What is needed | If a record holds a picture, drop the picture and return the rest of the record word for word.

Dataset items:
--- --- ---

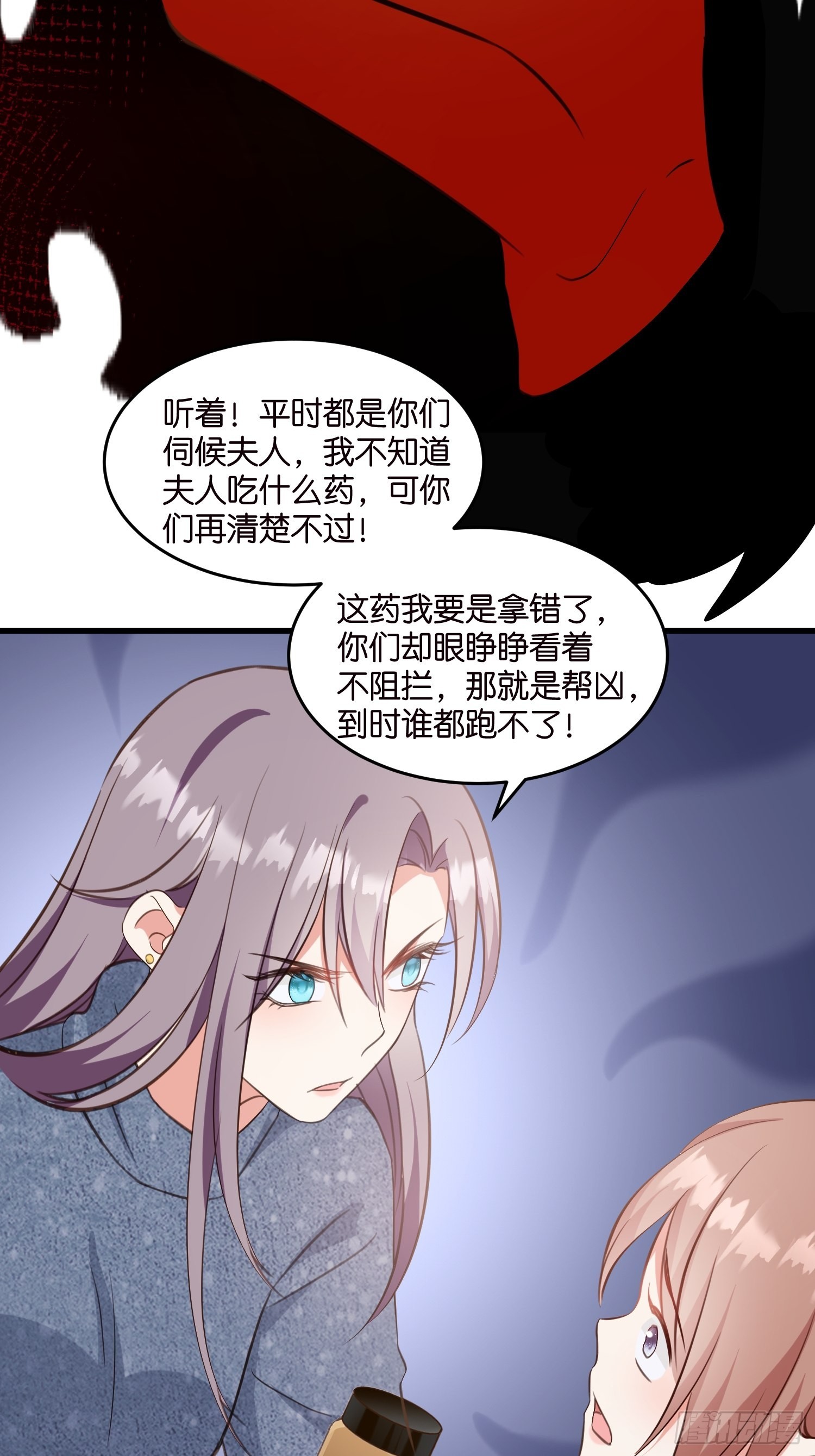 《宋先生请冷静》12 肉垫宋干 第26页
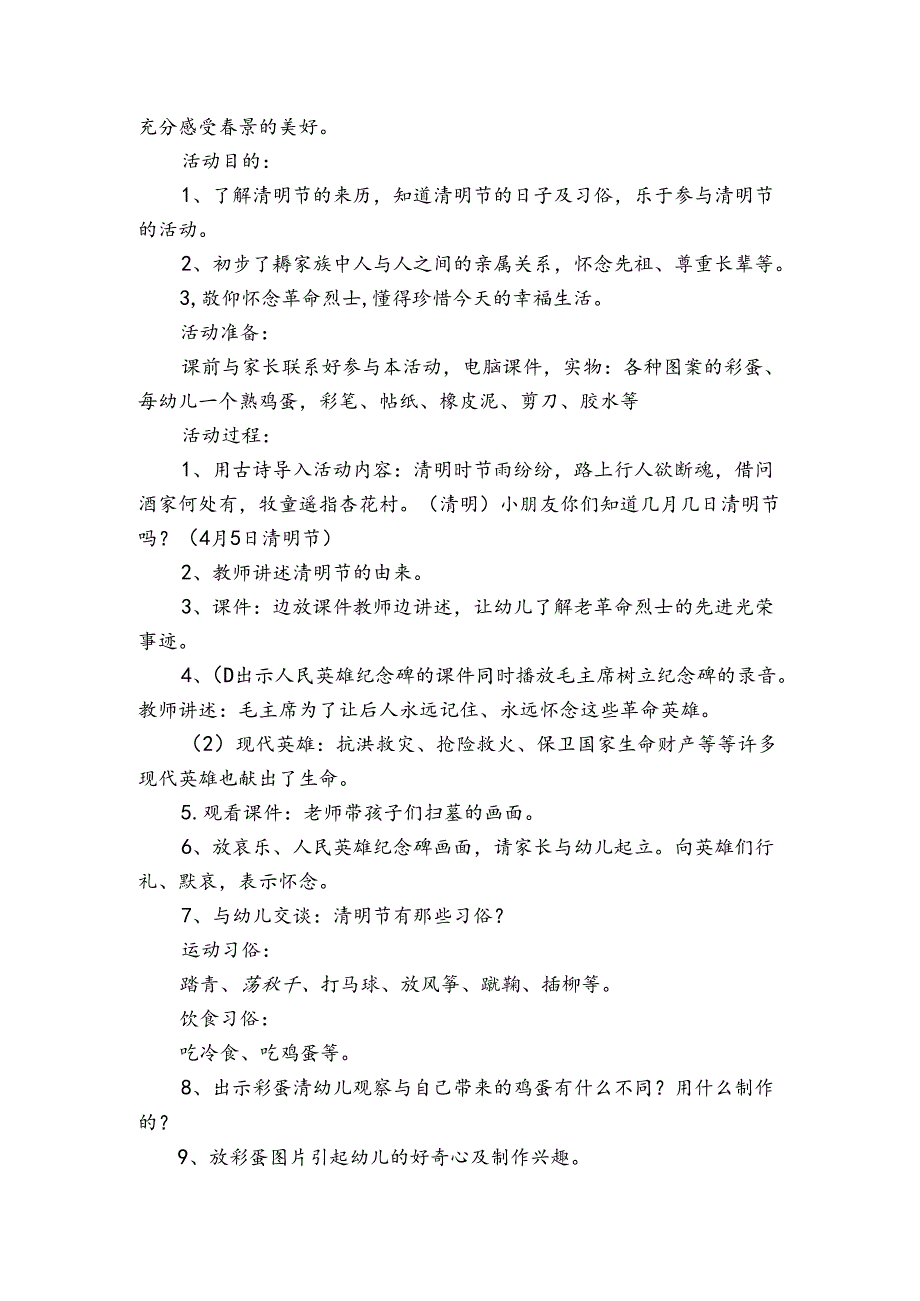 幼儿园清明节主题的活动方案（35篇）.docx_第2页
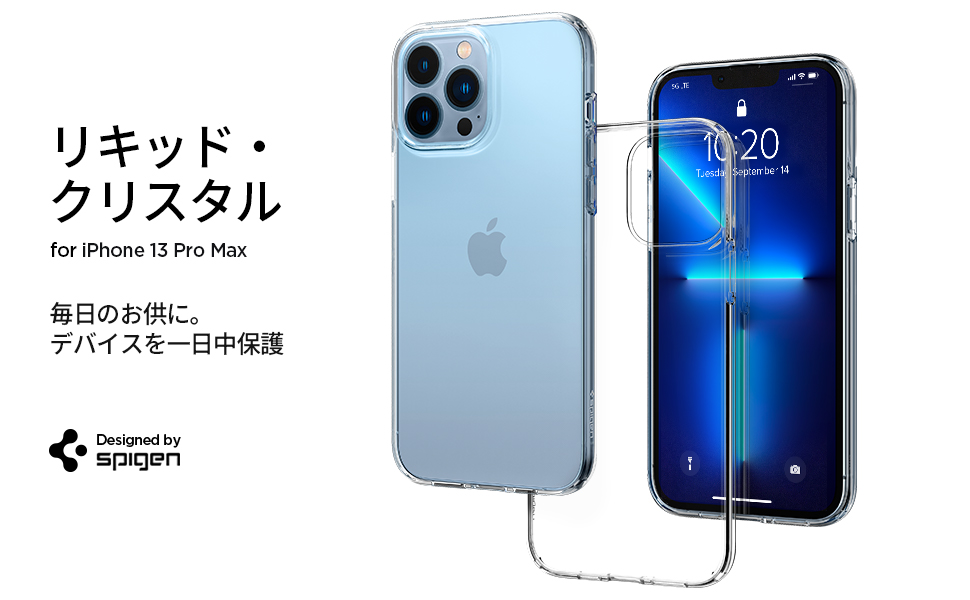 Amazon.co.jp: Spigen iPhone 13 Pro Max ケース クリア TPU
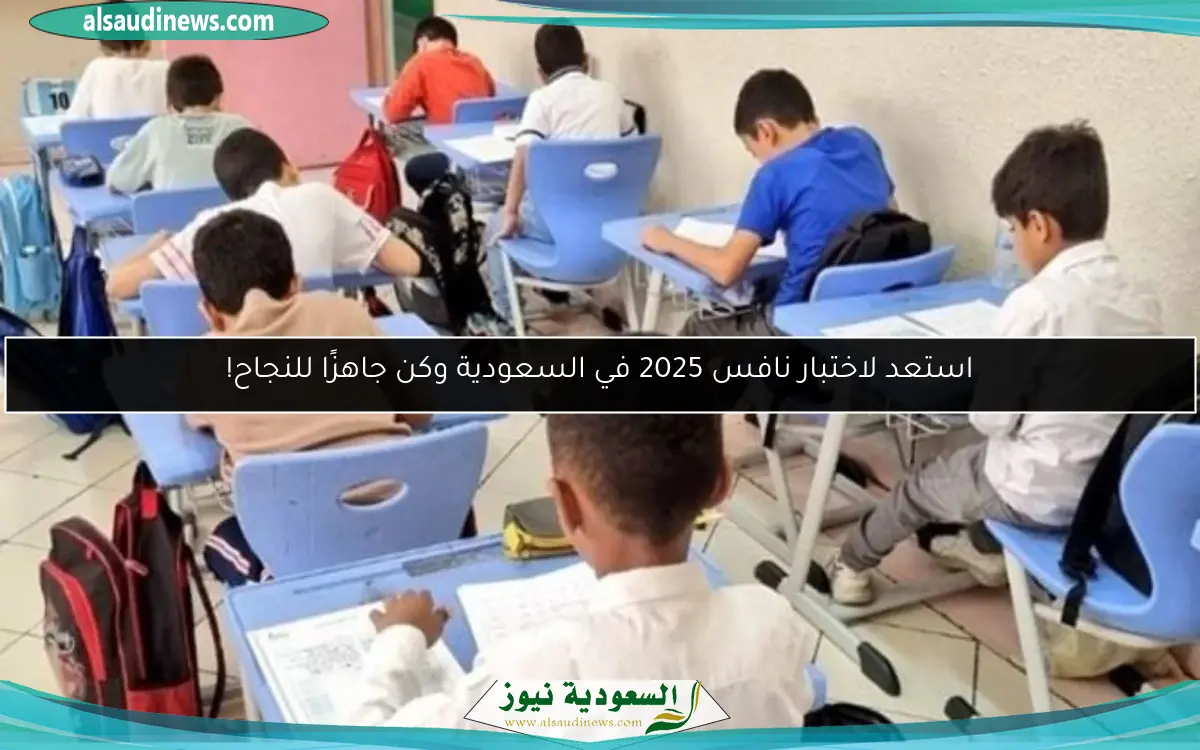 استعد لاختبار نافس 2025 في السعودية وكن جاهزًا للنجاح!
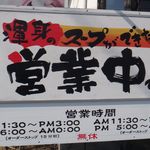 博多ラーメン 鶴亀堂 長久手図書館通り店 - 鶴亀堂長久手図書館通り店（愛知県長久手市）食彩品館.jp撮影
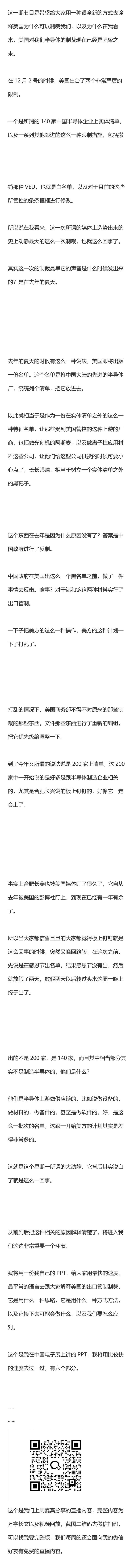 美国对我们半导体三年内发起三次制裁，制裁思路也在不断改变，现在主流的说法是“小院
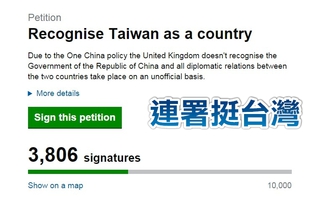 英公民請願 要求國會「承認台灣是一個國家」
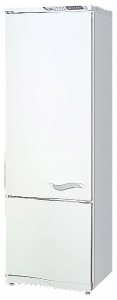 ATLANT МХМ 1842-01 Refrigerator larawan
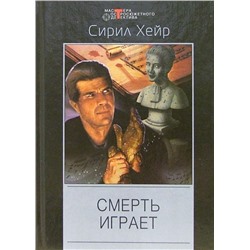 Смерть играет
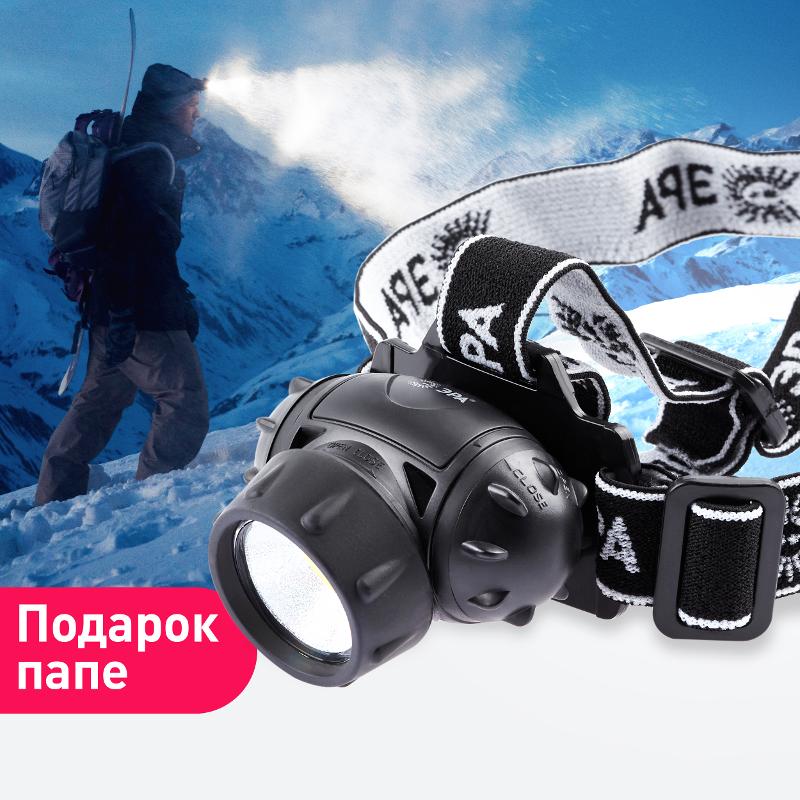 Фонарь светодиодный налобный GB-410 на батарейках 3хААА, 3 режима, черный, IP44 | Б0051463 | ЭРА — миниатюра 2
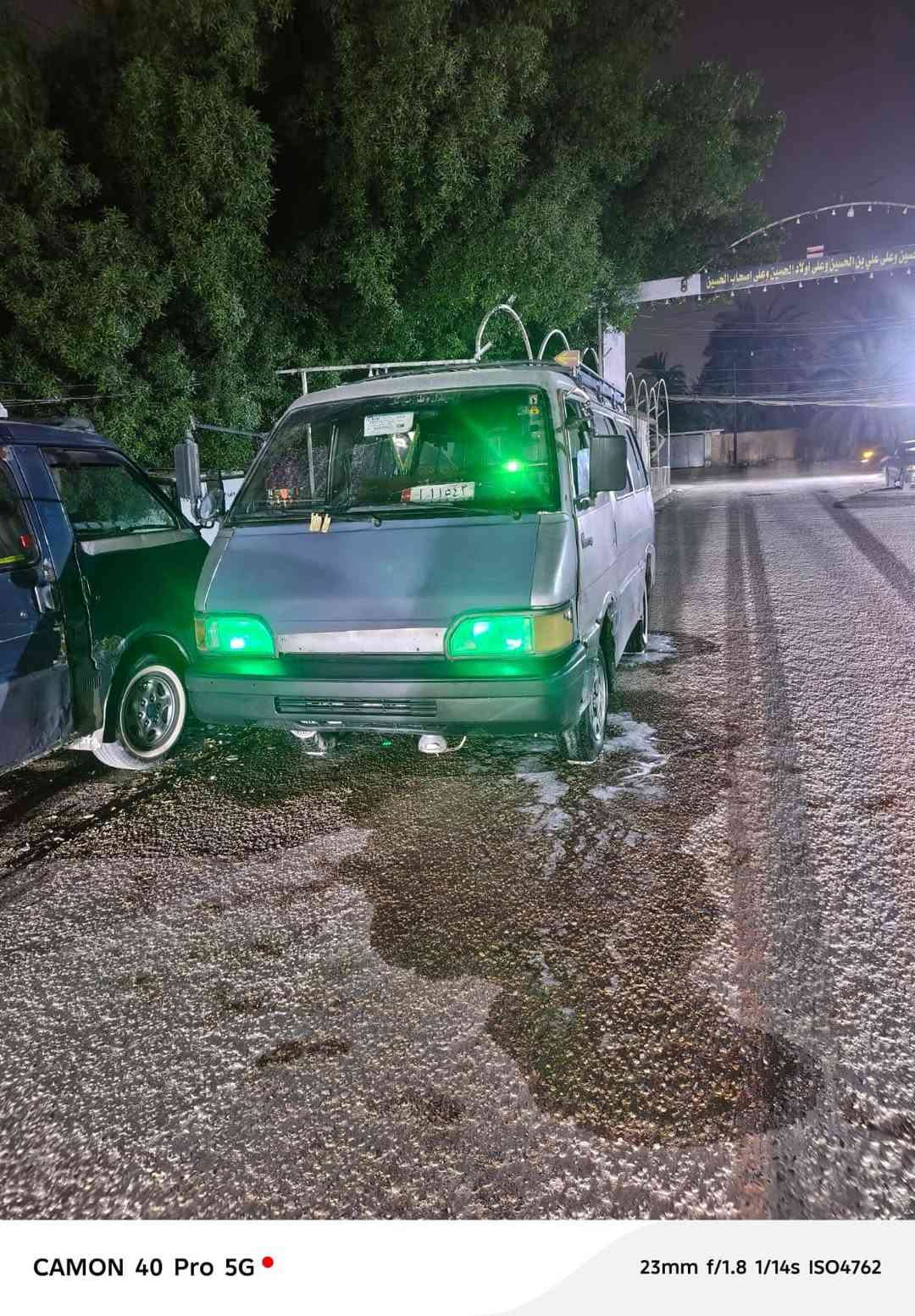 كيا بيستا • داخل نضيف • النهاية ٢٧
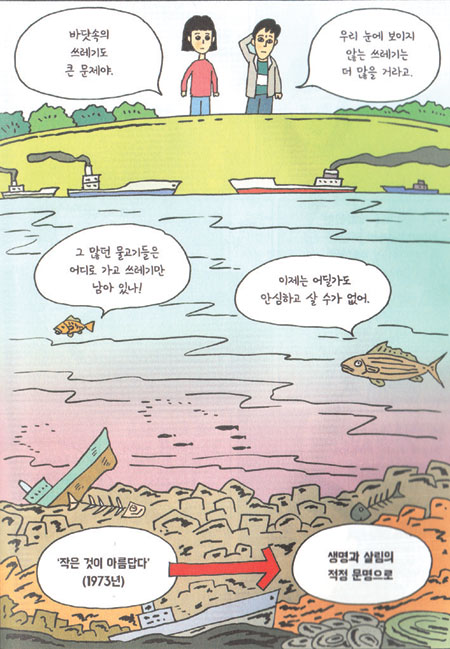 만화로 배우는 병든 지구 살리기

--- --- ---

Response to this exercise |
 《宋先生请冷静》12 肉垫宋干 第26页
 幼儿园清明节主题的活动方案（35篇）.docx_第2页
 Amazon.co.jp: Spigen iPhone 13 Pro Max ケース クリア TPU
 استعد لاختبار نافس 2025 في السعودية وكن جاهزًا للنجاح!
 博多ラーメン 鶴亀堂 長久手図書館通り店 - 鶴亀堂長久手図書館通り店（愛知県長久手市）食彩品館.jp撮影
 美国对我们半导体三年内发起三次制裁，制裁思路也在不断改变，现在主流的说法是“小院
 英公民請願 要求國會「承認台灣是一個國家」
 ATLANT МХМ 1842-01 Refrigerator larawan
 Смерть играет
 Фонарь светодиодный налобный GB-410 на батарейках 3хААА, 3 режима, черный, IP44 | Б0051463 | ЭРА — миниатюра 2
 كيا بيستا • داخل نضيف • النهاية ٢٧
 만화로 배우는 병든 지구 살리기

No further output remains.